**Try it:**
Some entries follow. Reproduce exactly the lines starting at the one with "The Autonomic Nervous System" and stopping after the one with "20250531_Flowers and Dog Park__DSC0347_.jpg".

**Extracted information:**
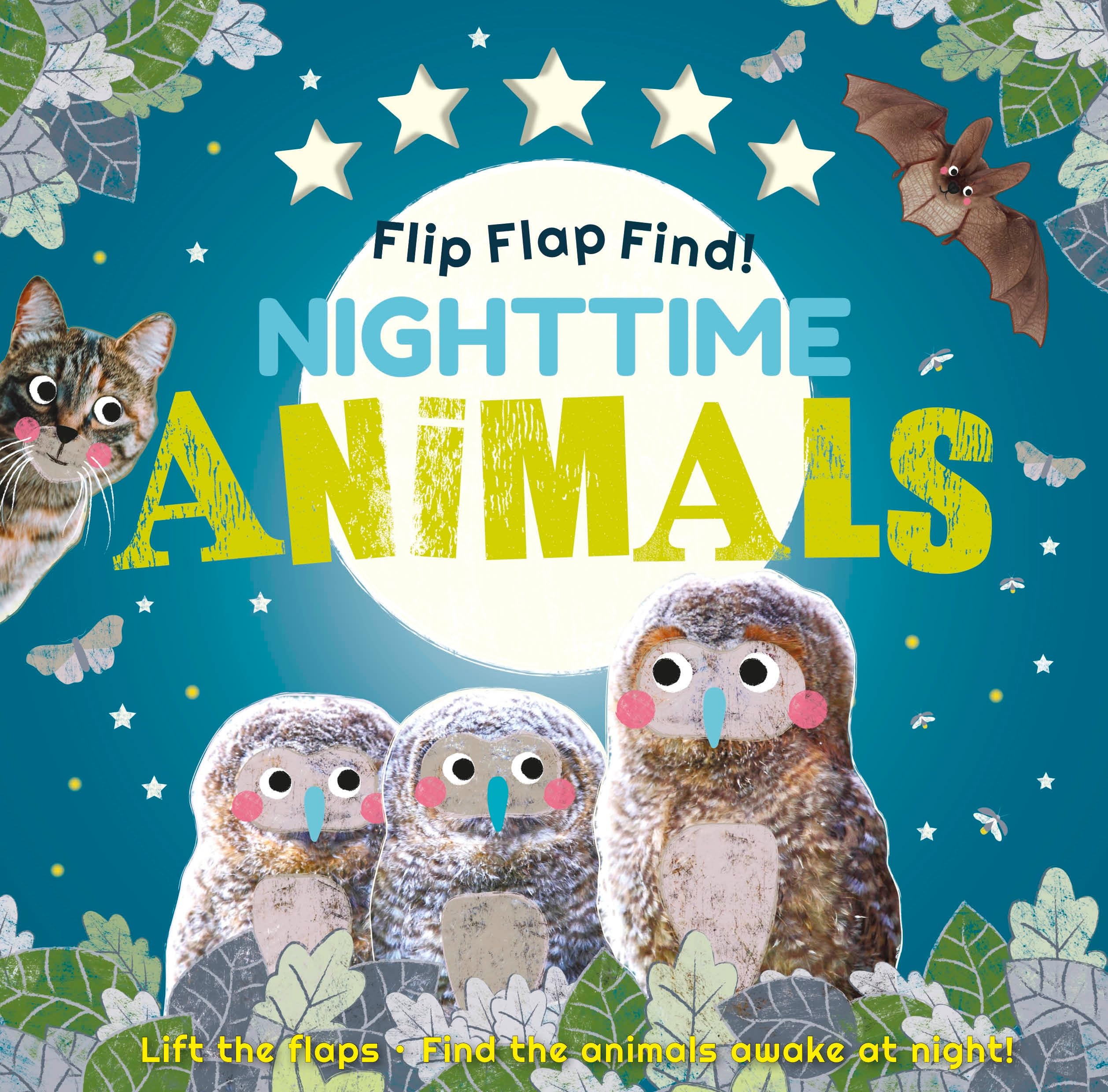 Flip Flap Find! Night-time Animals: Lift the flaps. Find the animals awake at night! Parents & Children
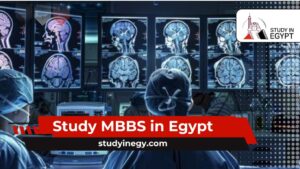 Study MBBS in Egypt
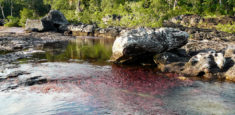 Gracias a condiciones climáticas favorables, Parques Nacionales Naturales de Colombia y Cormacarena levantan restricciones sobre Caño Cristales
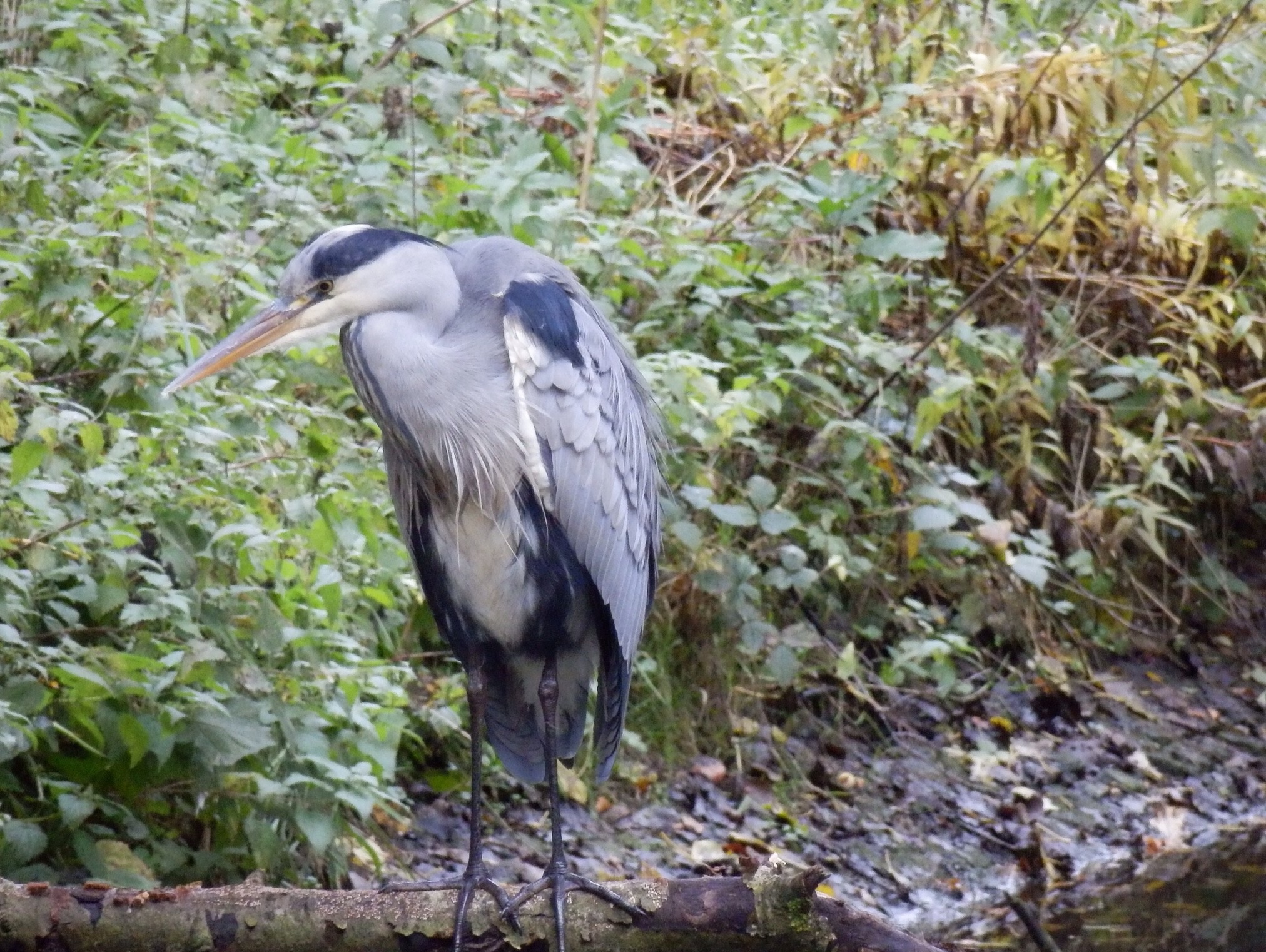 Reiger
* * *
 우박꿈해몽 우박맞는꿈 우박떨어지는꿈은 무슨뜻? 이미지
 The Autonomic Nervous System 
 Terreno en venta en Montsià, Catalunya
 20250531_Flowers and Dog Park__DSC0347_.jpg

**Exercise response:**
 The Autonomic Nervous System 
 Terreno en venta en Montsià, Catalunya
 20250531_Flowers and Dog Park__DSC0347_.jpg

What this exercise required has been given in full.